The Brockley Jack has a well-deserved reputation for its excellent in-house productions. Lifeboat is no exception, rising magnificently to the challenges presented by the play’s structure and themes, and ticking every box in terms of design, direction and performance. Karl Swinyard’s set transforms the small studio space into the deck of the doomed ship, while the sound and lighting design from Jack Elliot Barton and Tom Kitney recreates with stunning accuracy not only the sights and sounds of the 1940s but also the horror of the attack and its aftermath.
Throughout the play, Claire Bowman and Lindsey Scott show their versatility as they slip seamlessly from one character to another. But it’s as the central characters that they’re most compelling – whether they’re cheerfully singing rude songs about Hitler, gazing in awestruck wonder at the cinema screen, giggling over a handsome sailor, or fighting for survival in icy waters. In just 70 minutes we come to know and care about both girls, and as their ordeal continues, we can feel their fear and growing exhaustion.

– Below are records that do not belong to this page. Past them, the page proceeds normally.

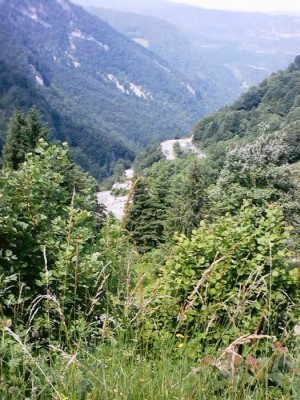 Im Jura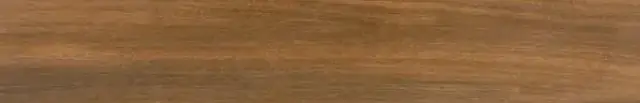Керамогранит Rainier Nogal 20x120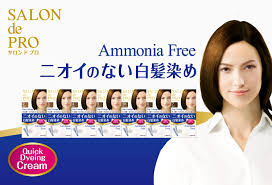 DARIYA Salon de Pro Smell-Free Hair Color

Although Lifeboat focuses on one specific incident of World War II, it’s difficult to watch it and not think more broadly about the horrors of war, and the millions of innocent lives lost around the world to conflicts past and present. Bess and Beth’s story ends well – the two women would go on to be lifelong friends – and Lifeboat pays tribute to their incredible courage and resilience. But the play’s sombre conclusion also ensures we don’t forget the 258 people, among them 77 children, who weren’t so lucky.
It’s tragic that stories like this one still need to be told, but if they must then it’s at least some comfort to see them told as well as this. A sensitive portrayal of devastating real events, Lifeboat is undoubtedly another triumph for the Brockley Jack team. Go and see it while you can.
Lifeboat is at the Brockley Jack until 6th October.